If value is zero, both results returned by
frexp are zero.
frexpf returns the mantissa of a float
value.
frexpl returns the mantissa of a long double
value.
ilogb, ilogbf and ilogbl return the (unbiased) exponent part of value. It is equivalent to (int)logb[f|l](value).
ldexp, ldexpf, ldexpl, scalb, scalbf and scalbl return the quantity value*2^exp.
logb returns the unbiased exponent of its floating-point argument as a double-precision floating-point value.
logbf returns the unbiased exponent of its floating-point argument as an float-precision floating-point value.
logbl returns the unbiased exponent of its floating-point argument as an extended double-precision floating-point value.

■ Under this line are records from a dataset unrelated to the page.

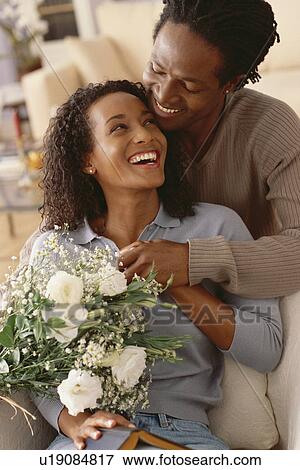 Stock Photo - Happy couple embracing. Fotosearch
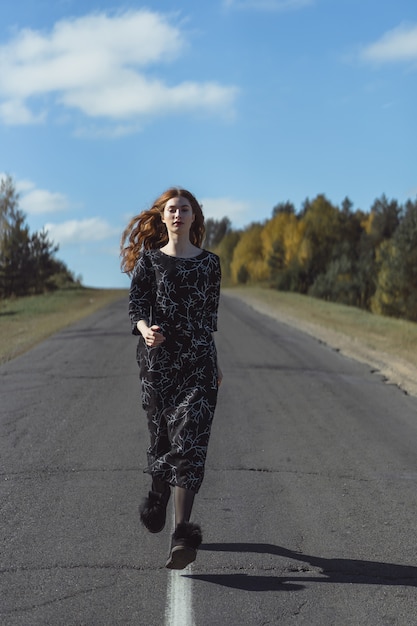 Young woman with long red hair in a linen dress in a natural location on the background 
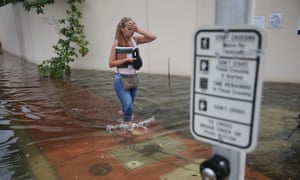 A woman walks through a flooded street that was caused by the combination of the lunar orbit which caused seasonal high tides and what many believe is the rising sea levels due to climate change, in September in Miami Beach, Florida. 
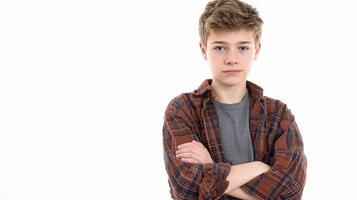 A boy with his arms crossed standing in front of a white background photo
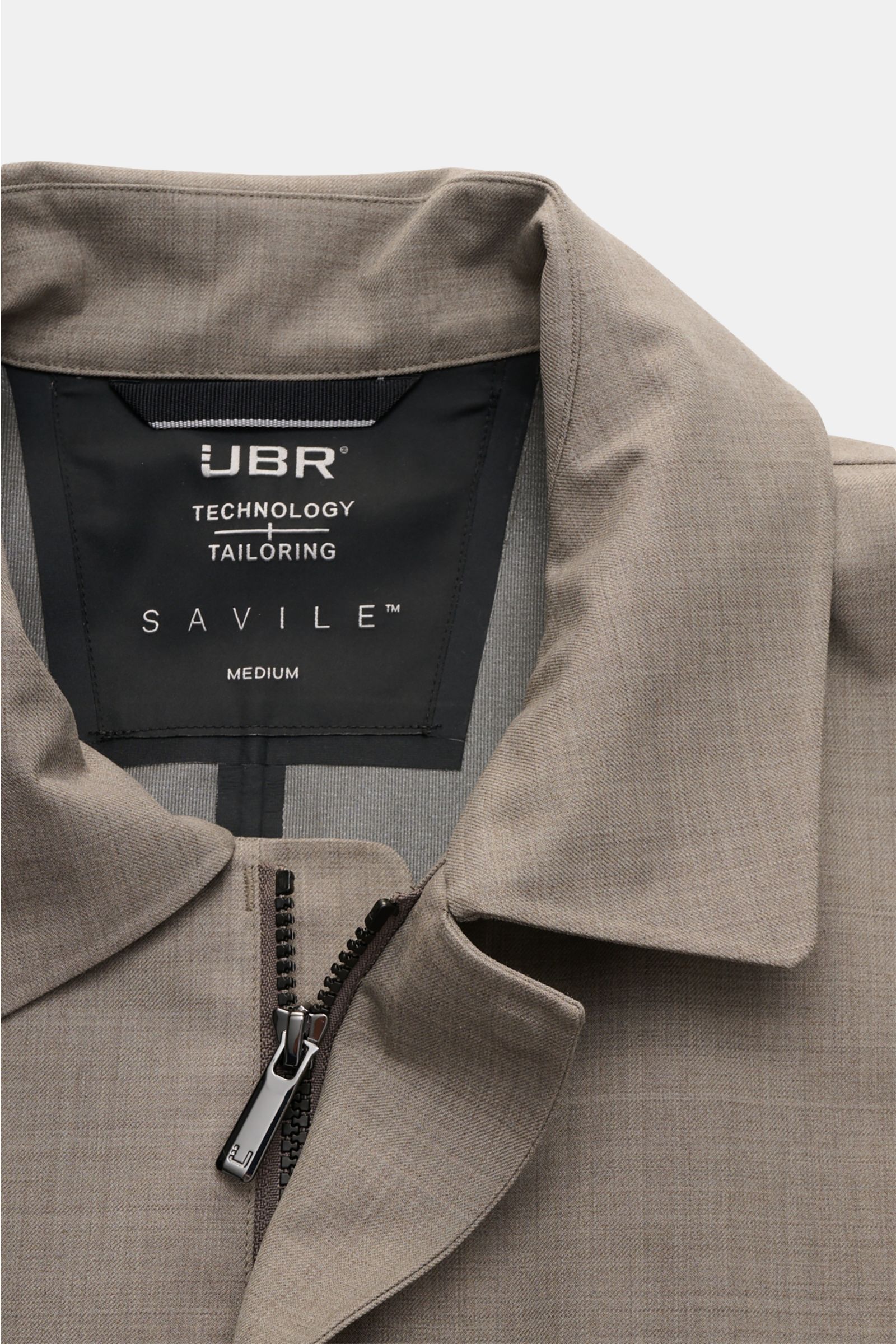 Close-up front view of UBR Rain coat 'Sky Fall Savile' taupe mottled, showing collar, zipper, and inner label with branding.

modf, modff and modfl return the signed fractional part of value and store the integral part indirectly in the location pointed to by iptr.
nextafter, nextafterf and nextafterl return the next representable floating-point value following value1 in the direction of value2. Thus, if value2 is less than value1, nextafter, nextafterf and nextafterl return the largest representable floating-point number less than value1.
If the correct value of ldexp, ldexpf, ldexpl, scalb, scalbf or scalbl would cause overflow, these functions return a value that will compare equal to ±HUGE_VAL (according to the sign of value) and set errno to ERANGE. If the correct value of these functions would cause underflow, zero is returned and errno is set to ERANGE.
logb or logbl of zero returns -HUGE_VAL; on systems that support IEEE floating-point, the divide by zero exception is raised. On systems that support IEEE floating-point, scalb, scalbf, scalbf, logb, logbf or logbl of ± infinity returns + infinity. For both of these error cases, errno is set to EDOM.
On systems that support IEEE floating-point, if input value1 to nextafter, nextafterf or nextafterl is ± infinity, that input is returned and errno is set to EDOM. The overflow and inexact exceptions are signaled when input value1 is finite, but
nextafter(value1, value2)
is not. The underflow and inexact exceptions are signaled when the returned value is denormalized. In both cases errno is set to ERANGE. (These last two conditions apply to nextafterl, as well.)
On systems that support IEEE NaN, if the input to any of these functions is a quiet NaN, that NaN is returned. If the input is a signaling NaN, a quiet NaN is returned and the invalid operation exception is raised. In either case, errno is set to EDOM.
When the program is compiled with the cc option -Xt [see cc(C)], the returned value of ldexp, ldexpl, scalb, scalbf and scalbl will compare equal to HUGE instead of HUGE_VAL.